今月のお題は「日本史上における名脇役は?」です。小説や映画、ドラマなどでは、主人公を引き立てる名脇役の存在が欠かせません。日本史でも、脇役がいたからこそ主役が輝くことも……。この機に、お気に入りの脇役を探してみるのもいいですね。
豊臣秀吉の軍師として名高い黒田官兵衛が、第1位に輝きました。2014年の大河ドラマでは主役を張ったものの、脇役としての人気が根強いようです。「本能寺の変の直後に、秀吉に素早く軍を引き返して明智光秀を討つように提言するなど、秀吉を支えて天下人に仕立て上げた」(30代、男性)など、官兵衛の功績は計り知れません。
一方、官兵衛と同じ主人の元で、官兵衛より少し早くから仕えていた軍師・竹中半兵衛が、第4位にランクインしています。「かざらず控えめでありながら、秀吉の天下取りを助けた重要人物」(40代、女性)として、健気に主人を盛り立て続けました。秀吉の栄光を見ることなくこの世を去った半兵衛。儚いその人生に、ロマンを感じてしまいます。
両兵衛の主人・豊臣秀吉自身も、第10位に入りました。「秀吉は、叩き上げの下積み時代が長かったから」(60代、男性)とあるように、信長の草履取りから始まった秀吉。名脇役でありながら、最終的には主役に成り上がった珍しい例かもしれません。
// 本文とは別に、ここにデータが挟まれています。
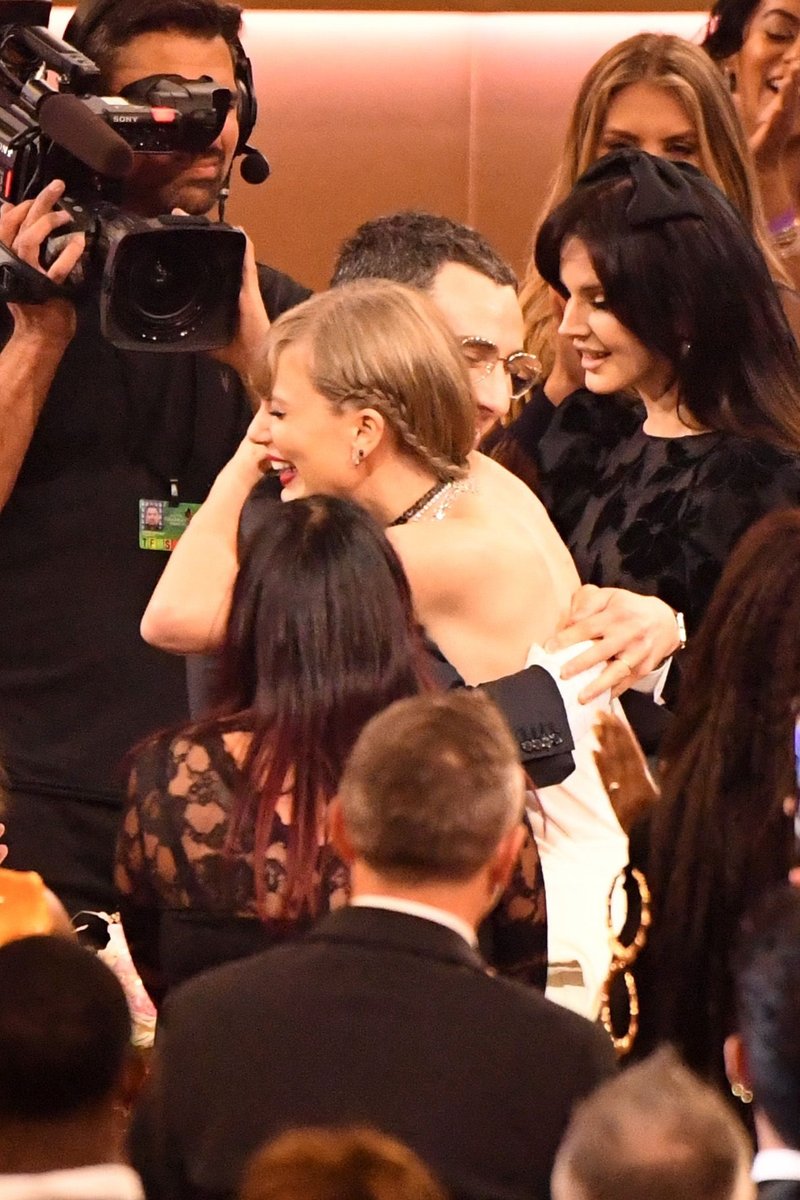 Taylor Swift at 66th GRAMMY Awards — photo 79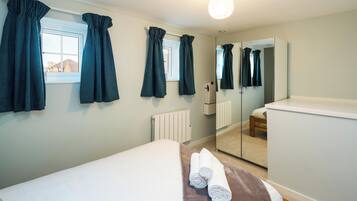 Classic Apartment | 2 bedrooms, soundproofing, iron/ironing board, free WiFi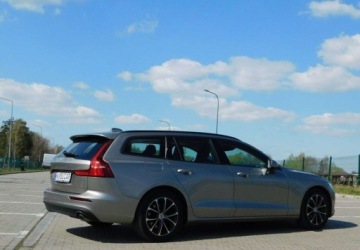 Volvo V60 II  Kombi 2.0 D3 150KM 2019 Volvo V60 z Gwarancja Kamera Model 2020r 2.0 Diesel 150KM, zdjęcie 35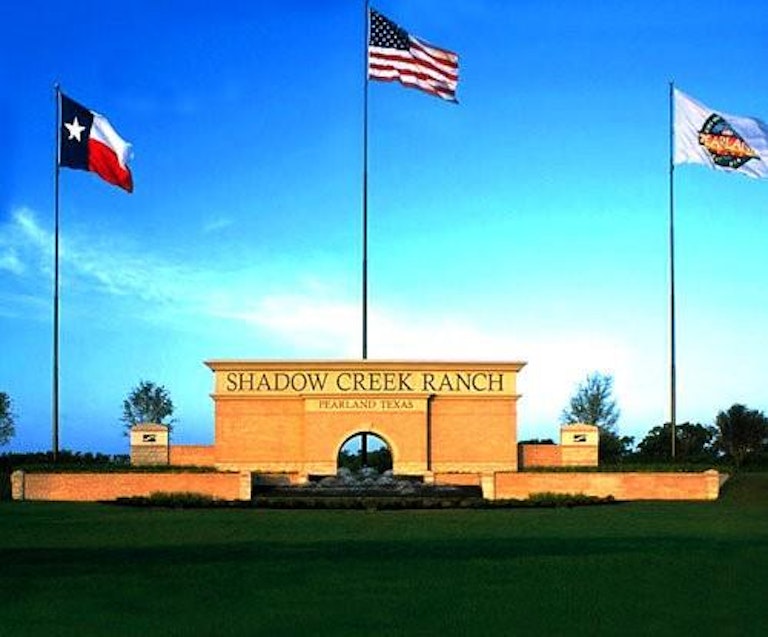 Photo 37 of 45 - 2606 Cottage Creek Ct, Pearland, TX 77584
秀吉の弟の豊臣秀長は、大健闘の第2位。秀吉の陰に隠れがちですが、「秀吉と家臣の間の調整役を見事にこなし続けていた。事実、秀長が死去してから内紛によって家中がバラバラになった」(40代、男性)など、彼の死によって豊臣の天下に陰りが……との意見が寄せられました。
第5位の片倉景綱は、「小十郎」の名で、伊達政宗の右腕として知られています。主のためにその右目を抉り取ったり、生まれた我が子を、子のいない主人に気兼ねして殺そうとしたり、何かと過激な景綱ですが、「生涯すべて政宗の側で過ごした忠義には感動」(40代、男性)と、天下人たちから家臣に、と勧誘されても揺れなかった姿に、賞賛の声が集まりました。
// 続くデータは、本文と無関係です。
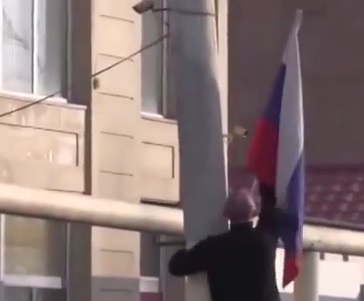 Жители Гюмри начали срывать российские флаги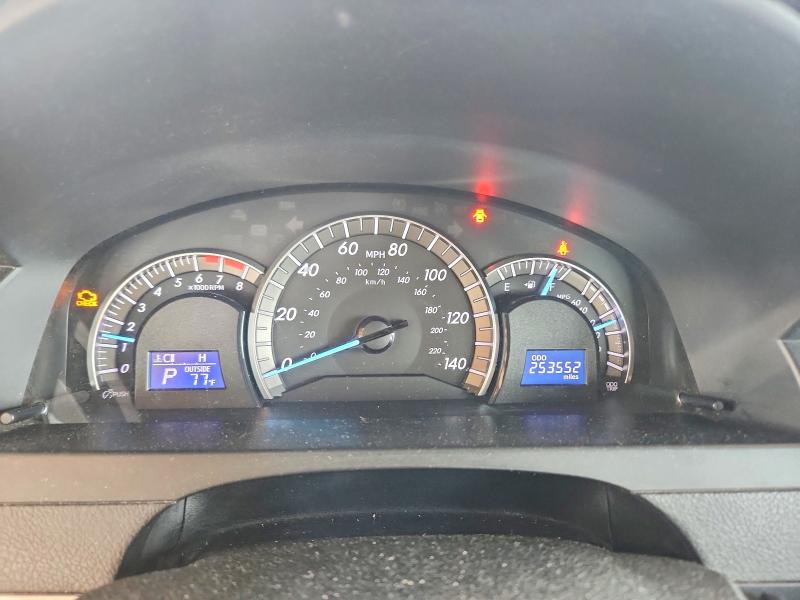 60937706 :رقم المزاد ، 4T1BF1FKXEU727616 vin ، 2014 Toyota Camry مزاد بيع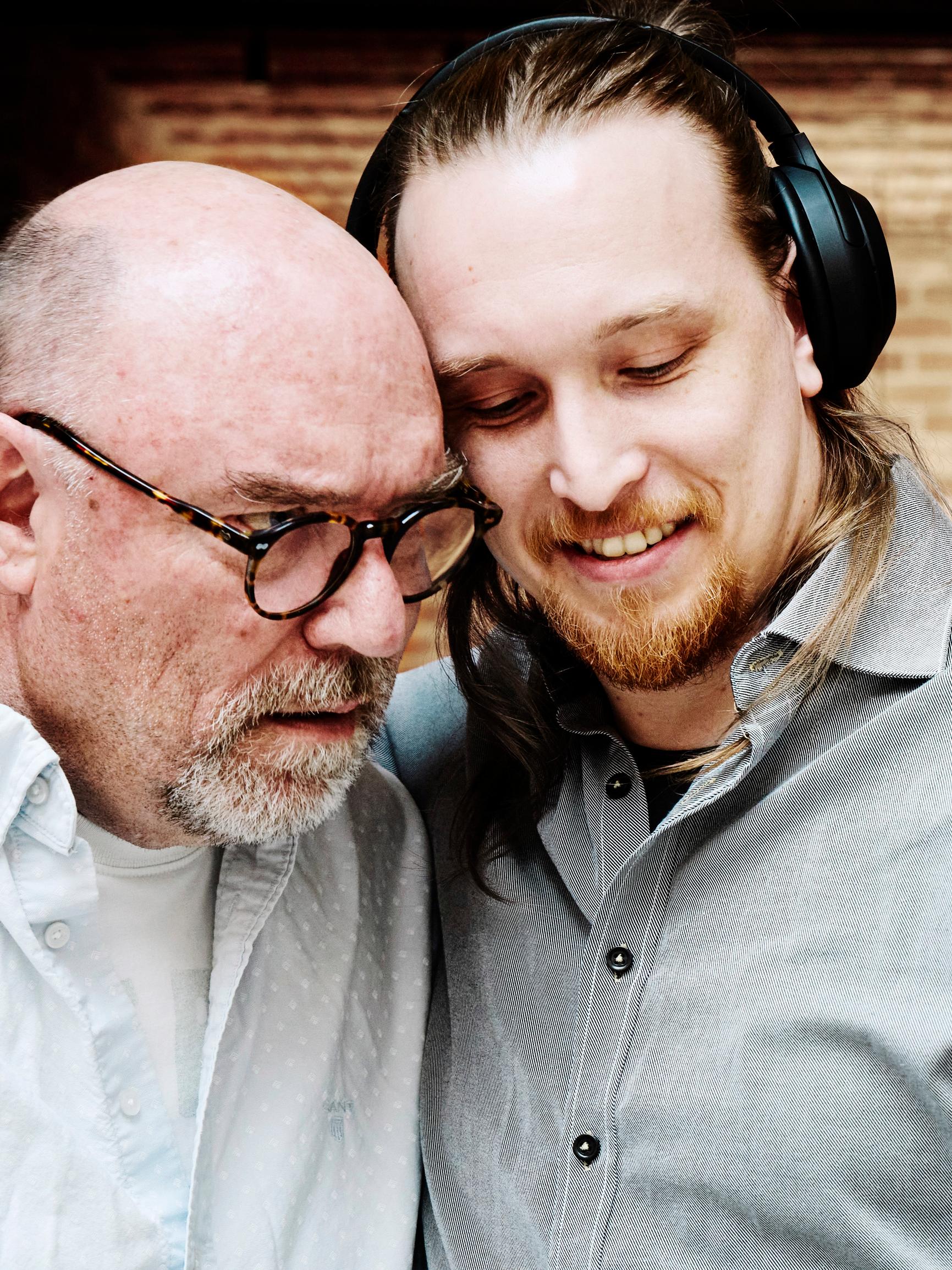 Pertti Sveholm  ei osaa puhua tunteistaan lapsilleen – näistä hellyttävistä merkeistä Akseli-poika on oppinut tunnistamaan isän rakkauden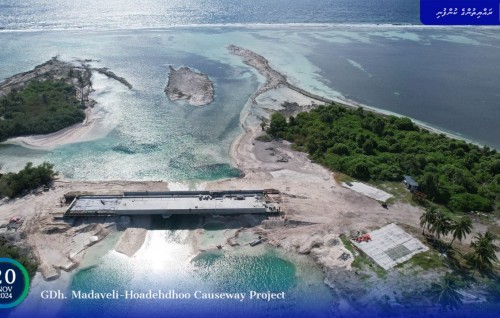 Madaveli-hoadehdhoo causeway ge furathama bridge ge 80 percent masakkaiy nimijje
奉行として豊臣家を支え、関ケ原で敗れた石田三成は第8位。「主役になれない感じが良い」(40代、女性)など、一番手にはなりきれない、不器用な三成への女性票が多かったことが印象的でした。
三成の盟友・直江兼続も第8位にランクイン。「上杉景勝に仕え、利のみを求める戦国時代に、『愛』を重んじ『義』を貫き通した武将だった」(50代、女性)というように、私心なく主家に尽くした兼続は、名バイプレイヤーの鑑でしょう。
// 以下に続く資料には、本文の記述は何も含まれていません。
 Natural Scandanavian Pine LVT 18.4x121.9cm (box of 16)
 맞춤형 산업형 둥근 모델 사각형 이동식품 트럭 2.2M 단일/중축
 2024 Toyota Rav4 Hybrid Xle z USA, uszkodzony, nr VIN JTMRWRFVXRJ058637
前述の忠臣3人に対して、裏切り者として有名な明智光秀が、意外にも第六位。「歴史的な大事件を起こしたから」(20代、女性)など、本能寺の変で天下を引っくり返したものの、主役・織田信長の脇役として認識されていることがわかります。
続いて第7位には、山本勘助が入りました。「あの武田信玄の名参謀だから」(40代、男性)と、偉大な信玄も認めた手腕が評価されています。
戦国時代の男性ばかりランクインするなかで、幕末の女性、楢崎龍(おりょう)が堂々の第3位に。夫は、かの有名な坂本龍馬。「龍馬が寺田屋で遭難した時、入浴中だったのに袷一枚で飛び出して龍馬に危険を知らせたという話。こんな女性かっこよすぎます」(30代、女性)など、強さと情熱を以て、龍馬を助けたおりょうさんの人気は高いようです。
このほか、11位以下には、こんな名前が挙がりました。
▼保科正之「江戸城の燃えた天守閣の再建を認めなかった。将軍家としての威厳より、幕府の財政を考えていた」(40代、女性)
▼中臣鎌足「子孫代々が常に時の天皇の側にあり、表裏で政治に影響を与えている」(50代、女性)
今回は、特に多様な人物の名前が挙がり、票が分散したように思います。たくさんのご応募ありがとうございました。